*Work instruction*
Your answer should consist only of the lines below from the one with "直徑3-4厘米紫薇樹 花色玫紅紫色白色 顏色艷麗造型美觀" through the one with "Flabellina affinis", copied exactly.

[Scraped caption text data]
-- -- --

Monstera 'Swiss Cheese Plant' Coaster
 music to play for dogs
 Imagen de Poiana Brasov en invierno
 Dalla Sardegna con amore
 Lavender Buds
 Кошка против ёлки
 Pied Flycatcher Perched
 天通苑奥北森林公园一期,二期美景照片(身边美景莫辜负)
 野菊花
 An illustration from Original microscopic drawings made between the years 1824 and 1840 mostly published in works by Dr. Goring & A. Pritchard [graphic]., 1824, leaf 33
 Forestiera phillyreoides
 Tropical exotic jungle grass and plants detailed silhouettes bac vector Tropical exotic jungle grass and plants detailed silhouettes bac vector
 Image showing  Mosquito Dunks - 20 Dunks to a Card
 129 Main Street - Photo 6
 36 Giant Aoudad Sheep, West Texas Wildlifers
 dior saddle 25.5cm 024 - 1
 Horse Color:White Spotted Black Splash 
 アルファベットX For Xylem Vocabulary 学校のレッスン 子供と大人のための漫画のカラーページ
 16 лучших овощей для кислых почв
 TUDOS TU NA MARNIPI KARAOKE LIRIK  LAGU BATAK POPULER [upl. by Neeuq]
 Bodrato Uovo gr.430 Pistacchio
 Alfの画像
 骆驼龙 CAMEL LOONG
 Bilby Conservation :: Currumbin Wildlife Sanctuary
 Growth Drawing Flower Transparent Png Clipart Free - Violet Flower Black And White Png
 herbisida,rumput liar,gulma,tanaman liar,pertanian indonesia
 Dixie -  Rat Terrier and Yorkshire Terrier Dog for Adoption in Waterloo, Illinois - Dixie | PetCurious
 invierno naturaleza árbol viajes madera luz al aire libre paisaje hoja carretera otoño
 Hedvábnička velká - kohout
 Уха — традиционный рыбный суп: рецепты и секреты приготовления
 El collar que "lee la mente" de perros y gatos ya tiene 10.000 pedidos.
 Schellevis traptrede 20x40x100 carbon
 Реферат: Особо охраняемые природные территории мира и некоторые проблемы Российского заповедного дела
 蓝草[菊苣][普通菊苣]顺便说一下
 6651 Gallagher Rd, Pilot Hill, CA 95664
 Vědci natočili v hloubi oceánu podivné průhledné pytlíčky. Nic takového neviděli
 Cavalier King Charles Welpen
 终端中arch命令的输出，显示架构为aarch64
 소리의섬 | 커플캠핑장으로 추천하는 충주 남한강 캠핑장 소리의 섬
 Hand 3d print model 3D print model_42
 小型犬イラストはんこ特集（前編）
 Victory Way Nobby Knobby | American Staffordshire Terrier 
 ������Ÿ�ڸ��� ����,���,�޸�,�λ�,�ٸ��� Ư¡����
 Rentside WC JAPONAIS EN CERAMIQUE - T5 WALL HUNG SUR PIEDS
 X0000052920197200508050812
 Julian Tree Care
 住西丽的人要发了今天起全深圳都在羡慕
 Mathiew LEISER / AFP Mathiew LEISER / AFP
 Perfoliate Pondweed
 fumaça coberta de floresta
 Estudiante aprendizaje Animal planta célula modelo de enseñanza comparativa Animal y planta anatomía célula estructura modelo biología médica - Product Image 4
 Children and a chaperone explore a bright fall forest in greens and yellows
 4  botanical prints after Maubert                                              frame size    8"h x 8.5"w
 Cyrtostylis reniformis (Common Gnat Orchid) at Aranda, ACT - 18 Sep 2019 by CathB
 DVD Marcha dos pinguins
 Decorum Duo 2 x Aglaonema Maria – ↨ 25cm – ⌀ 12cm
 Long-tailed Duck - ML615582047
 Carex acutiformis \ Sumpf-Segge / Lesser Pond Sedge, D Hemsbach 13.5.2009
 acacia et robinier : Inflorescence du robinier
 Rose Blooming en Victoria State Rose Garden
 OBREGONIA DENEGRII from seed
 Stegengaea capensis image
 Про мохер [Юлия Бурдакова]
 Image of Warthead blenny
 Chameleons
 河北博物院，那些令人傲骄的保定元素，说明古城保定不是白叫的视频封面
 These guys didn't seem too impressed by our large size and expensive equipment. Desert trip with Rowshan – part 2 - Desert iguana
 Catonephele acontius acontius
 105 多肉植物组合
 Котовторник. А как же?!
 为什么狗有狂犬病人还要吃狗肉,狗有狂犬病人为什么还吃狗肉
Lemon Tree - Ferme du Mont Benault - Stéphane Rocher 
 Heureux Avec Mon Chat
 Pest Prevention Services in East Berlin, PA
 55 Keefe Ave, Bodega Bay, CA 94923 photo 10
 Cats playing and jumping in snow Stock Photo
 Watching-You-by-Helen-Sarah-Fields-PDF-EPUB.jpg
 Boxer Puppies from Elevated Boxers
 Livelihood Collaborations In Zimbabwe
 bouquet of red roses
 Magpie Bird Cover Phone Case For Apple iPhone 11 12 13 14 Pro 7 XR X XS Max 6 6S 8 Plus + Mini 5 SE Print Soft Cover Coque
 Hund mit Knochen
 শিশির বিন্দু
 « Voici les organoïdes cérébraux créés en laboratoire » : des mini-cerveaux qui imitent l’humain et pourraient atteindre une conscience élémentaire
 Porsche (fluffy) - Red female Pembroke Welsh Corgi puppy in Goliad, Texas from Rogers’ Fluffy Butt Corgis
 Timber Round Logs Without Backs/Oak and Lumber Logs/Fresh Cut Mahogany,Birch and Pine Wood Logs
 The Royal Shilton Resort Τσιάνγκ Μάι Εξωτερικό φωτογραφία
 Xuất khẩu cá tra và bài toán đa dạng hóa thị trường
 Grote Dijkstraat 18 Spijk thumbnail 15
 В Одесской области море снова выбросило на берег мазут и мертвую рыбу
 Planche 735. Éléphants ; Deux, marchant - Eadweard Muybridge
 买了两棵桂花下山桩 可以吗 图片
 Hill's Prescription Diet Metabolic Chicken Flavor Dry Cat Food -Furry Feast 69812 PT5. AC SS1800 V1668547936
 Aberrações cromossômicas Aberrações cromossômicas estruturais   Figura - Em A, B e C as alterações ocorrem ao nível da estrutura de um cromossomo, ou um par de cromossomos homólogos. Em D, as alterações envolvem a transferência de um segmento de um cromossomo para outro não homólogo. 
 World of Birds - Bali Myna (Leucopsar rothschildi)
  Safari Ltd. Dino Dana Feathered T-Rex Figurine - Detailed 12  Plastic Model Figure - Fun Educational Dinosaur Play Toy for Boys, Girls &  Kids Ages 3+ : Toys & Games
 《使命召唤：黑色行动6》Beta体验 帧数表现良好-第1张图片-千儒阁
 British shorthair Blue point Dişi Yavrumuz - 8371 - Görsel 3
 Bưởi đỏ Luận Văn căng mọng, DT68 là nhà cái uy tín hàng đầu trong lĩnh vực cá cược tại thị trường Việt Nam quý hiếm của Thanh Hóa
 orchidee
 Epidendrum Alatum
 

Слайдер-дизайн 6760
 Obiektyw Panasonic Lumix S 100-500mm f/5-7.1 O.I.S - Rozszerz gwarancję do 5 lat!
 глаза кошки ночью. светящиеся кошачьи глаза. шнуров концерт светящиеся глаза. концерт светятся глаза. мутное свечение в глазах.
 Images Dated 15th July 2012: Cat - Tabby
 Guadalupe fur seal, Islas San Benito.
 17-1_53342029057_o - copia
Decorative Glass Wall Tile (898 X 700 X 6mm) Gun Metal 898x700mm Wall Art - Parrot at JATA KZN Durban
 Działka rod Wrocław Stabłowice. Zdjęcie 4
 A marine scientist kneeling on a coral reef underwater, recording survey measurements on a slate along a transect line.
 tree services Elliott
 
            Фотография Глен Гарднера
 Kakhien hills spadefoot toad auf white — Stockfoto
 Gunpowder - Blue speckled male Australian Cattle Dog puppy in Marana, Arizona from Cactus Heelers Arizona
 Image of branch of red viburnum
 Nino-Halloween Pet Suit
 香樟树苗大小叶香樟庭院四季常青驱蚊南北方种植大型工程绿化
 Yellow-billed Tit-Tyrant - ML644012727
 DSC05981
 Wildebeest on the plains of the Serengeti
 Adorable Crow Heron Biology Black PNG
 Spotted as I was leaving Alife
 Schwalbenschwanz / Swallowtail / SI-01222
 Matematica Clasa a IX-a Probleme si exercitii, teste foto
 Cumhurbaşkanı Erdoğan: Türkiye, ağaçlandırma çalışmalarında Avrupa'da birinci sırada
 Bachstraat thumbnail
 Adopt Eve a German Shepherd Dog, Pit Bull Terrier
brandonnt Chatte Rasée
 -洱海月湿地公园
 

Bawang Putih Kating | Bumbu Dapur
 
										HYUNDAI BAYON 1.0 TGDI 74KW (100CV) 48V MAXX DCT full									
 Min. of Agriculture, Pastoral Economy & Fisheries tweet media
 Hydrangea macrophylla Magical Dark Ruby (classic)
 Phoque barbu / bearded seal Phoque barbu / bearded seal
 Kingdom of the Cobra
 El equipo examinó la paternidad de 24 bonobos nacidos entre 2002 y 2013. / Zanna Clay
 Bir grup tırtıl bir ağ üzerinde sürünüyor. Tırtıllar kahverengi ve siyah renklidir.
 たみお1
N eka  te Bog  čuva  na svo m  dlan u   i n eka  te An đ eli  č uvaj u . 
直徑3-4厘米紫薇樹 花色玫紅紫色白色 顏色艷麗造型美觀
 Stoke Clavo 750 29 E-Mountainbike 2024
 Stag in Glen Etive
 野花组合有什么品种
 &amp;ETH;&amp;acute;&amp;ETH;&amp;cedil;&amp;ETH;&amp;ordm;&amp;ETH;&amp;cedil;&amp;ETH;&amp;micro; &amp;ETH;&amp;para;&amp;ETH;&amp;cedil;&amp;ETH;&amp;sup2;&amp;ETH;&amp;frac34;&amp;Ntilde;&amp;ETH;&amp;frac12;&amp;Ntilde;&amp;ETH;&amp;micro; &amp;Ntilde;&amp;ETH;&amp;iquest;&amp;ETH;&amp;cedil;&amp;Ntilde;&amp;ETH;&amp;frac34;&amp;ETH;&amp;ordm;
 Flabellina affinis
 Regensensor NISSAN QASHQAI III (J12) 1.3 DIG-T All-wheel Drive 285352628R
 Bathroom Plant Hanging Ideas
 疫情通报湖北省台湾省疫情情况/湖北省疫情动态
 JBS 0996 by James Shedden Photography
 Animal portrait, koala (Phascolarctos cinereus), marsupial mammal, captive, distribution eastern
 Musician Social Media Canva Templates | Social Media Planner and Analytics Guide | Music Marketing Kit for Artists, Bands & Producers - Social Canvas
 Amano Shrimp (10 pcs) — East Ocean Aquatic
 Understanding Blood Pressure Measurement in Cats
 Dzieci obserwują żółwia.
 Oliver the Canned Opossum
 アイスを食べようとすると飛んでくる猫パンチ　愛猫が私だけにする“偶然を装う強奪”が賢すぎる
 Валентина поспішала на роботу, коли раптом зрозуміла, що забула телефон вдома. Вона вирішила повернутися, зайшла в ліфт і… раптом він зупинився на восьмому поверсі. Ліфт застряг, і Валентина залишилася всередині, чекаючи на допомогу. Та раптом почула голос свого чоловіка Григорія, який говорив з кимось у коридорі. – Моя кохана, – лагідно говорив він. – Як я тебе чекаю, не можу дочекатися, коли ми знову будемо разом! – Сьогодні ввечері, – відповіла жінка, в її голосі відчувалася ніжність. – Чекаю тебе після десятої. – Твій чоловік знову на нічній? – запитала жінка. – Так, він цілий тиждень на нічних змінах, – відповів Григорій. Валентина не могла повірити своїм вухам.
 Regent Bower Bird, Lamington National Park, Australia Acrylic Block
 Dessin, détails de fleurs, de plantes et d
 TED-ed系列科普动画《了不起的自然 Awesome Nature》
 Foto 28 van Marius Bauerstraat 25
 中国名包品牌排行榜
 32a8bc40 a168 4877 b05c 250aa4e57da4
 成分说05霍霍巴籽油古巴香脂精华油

-- -- --

*Result for this task*
直徑3-4厘米紫薇樹 花色玫紅紫色白色 顏色艷麗造型美觀
 Stoke Clavo 750 29 E-Mountainbike 2024
 Stag in Glen Etive
 野花组合有什么品种
 &amp;ETH;&amp;acute;&amp;ETH;&amp;cedil;&amp;ETH;&amp;ordm;&amp;ETH;&amp;cedil;&amp;ETH;&amp;micro; &amp;ETH;&amp;para;&amp;ETH;&amp;cedil;&amp;ETH;&amp;sup2;&amp;ETH;&amp;frac34;&amp;Ntilde;&amp;ETH;&amp;frac12;&amp;Ntilde;&amp;ETH;&amp;micro; &amp;Ntilde;&amp;ETH;&amp;iquest;&amp;ETH;&amp;cedil;&amp;Ntilde;&amp;ETH;&amp;frac34;&amp;ETH;&amp;ordm;
 Flabellina affinis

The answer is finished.